- _Data excerpt_

☆ ☆ ☆ ☆ ☆ ☆ ☆

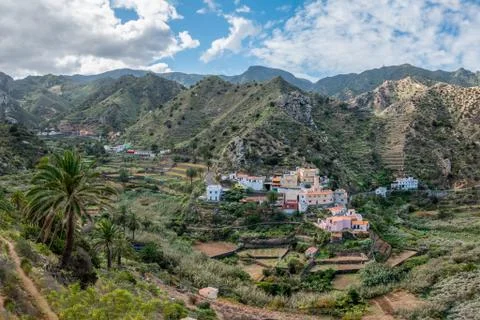 Vallehermoso Stock Photos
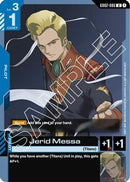 Jerid Messa (GD02-086) - Dual Impact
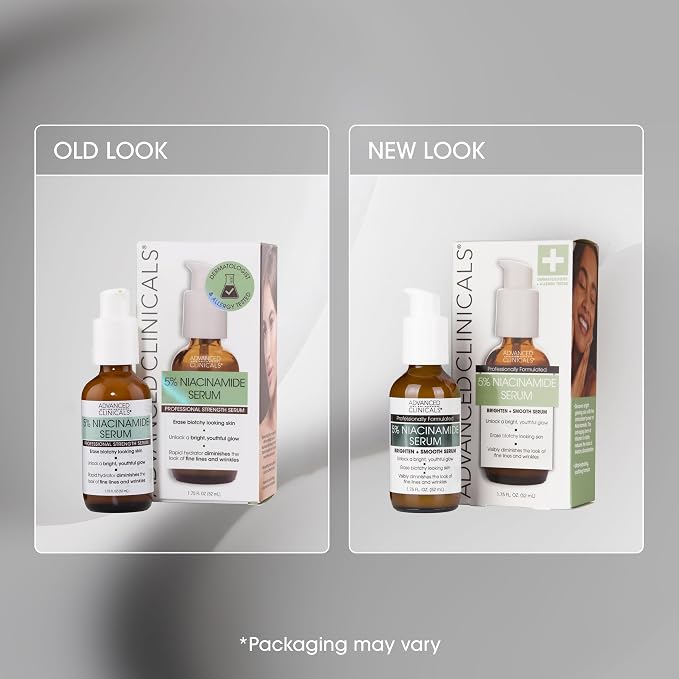 5% Niacinamide Face Serum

☆ ☆ ☆ ☆ ☆ ☆ ☆

- _Problem details_
The answer should hold every line of the listing, copied exactly, with no pictures.

- _Written response_
 Vallehermoso Stock Photos
 Jerid Messa (GD02-086) - Dual Impact
 5% Niacinamide Face Serum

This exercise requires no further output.